Students will gain firsthand insights into the factors that make a sentence more or less comprehensible for various groups of so-called "strong" and "weak readers," including older adults, individuals with low literacy, immigrants, and those with mild cognitive impairments. We will focus on “la scrittura di servizio”. That is, Service writing, documents with high practical and utilitarian purposes, or writing that serves a specific function, such as instructions, forms, or public information.
Prerequisiti
Good Command of English: fluency in both spoken and written English, with particular emphasis on academic reading.
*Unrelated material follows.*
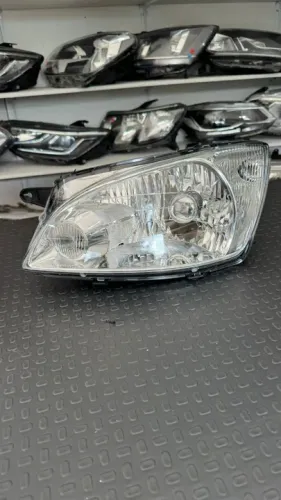 Farol classic esquerdo 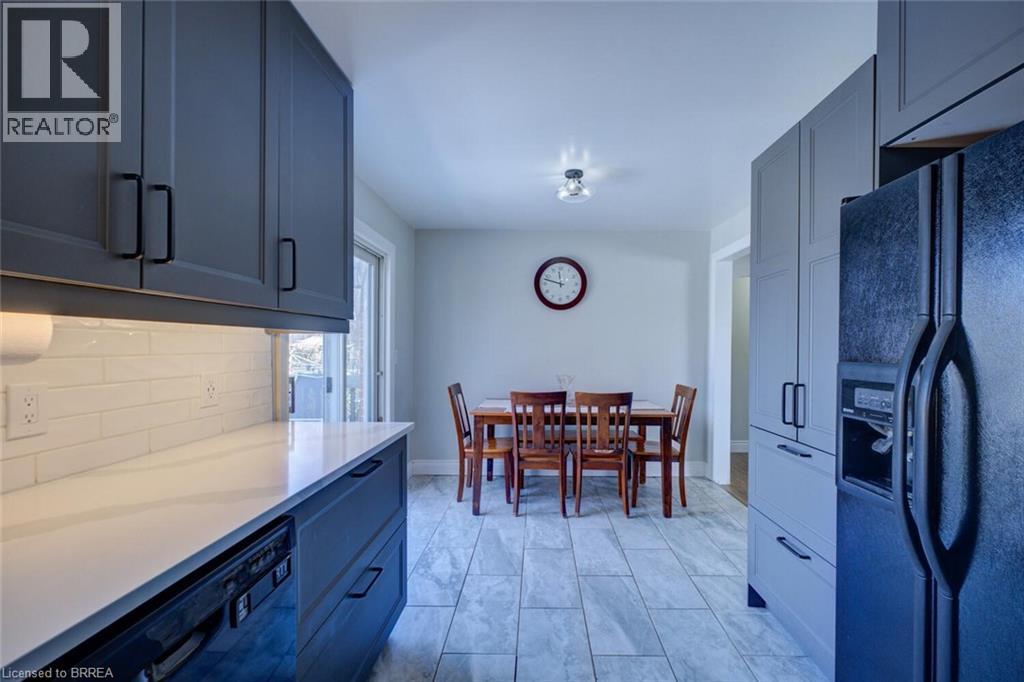 214 Grand Street, Brantford, Ontario  N3R 4C3 - Photo 15 - 40806418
Solid Foundation in Linguistics: Good understanding of core linguistic concepts, including syntax, semantics, and pragmatics. Genuine curiosity about how the mind works, particularly in relation to written language comprehension and processing
Metodi didattici
Lectures, seminars, discussions and first hand knowledge of experimental eye tracking research in the Laboratorio di Linguistica e Glottodidattica Sperimentale (LLEGS) at the University of Pavia
Verifica Apprendimento
Written exam. The detailed and complete knowledge of texts (1) and (2) above is required
Testi
(1) Rastelli, S. (2025). Plain Language A Psycholinguistic Approach, London, Routledge (2) PowerPoint slides commented in class
Contenuti
The course employs principles from the field of psycholinguistics to explore factors that make a sentence or text easy or difficult to process by the cognitive mechanisms that support language processing, and describes how levels of difficulty might function within bureaucratic power structures. Drawing almost exclusively from experimental data on readability, the course employs a metaphor of three "ghost" readers in the mind that exist and interact with each other: the syntactic reader (the one searching for the structure), the statistical reader (the one driven by previous experiences), and finally the pragmatic reader (the one searching for meaning). The course also describes a novel psycholinguistic experiment showing that complexly written texts may prevent adult citizens with average literacy skills from accessing important information related to their health, work, and right to representation, thereby drawing a line between the psycholinguistics of language comprehension and the maintenance of existing power structures.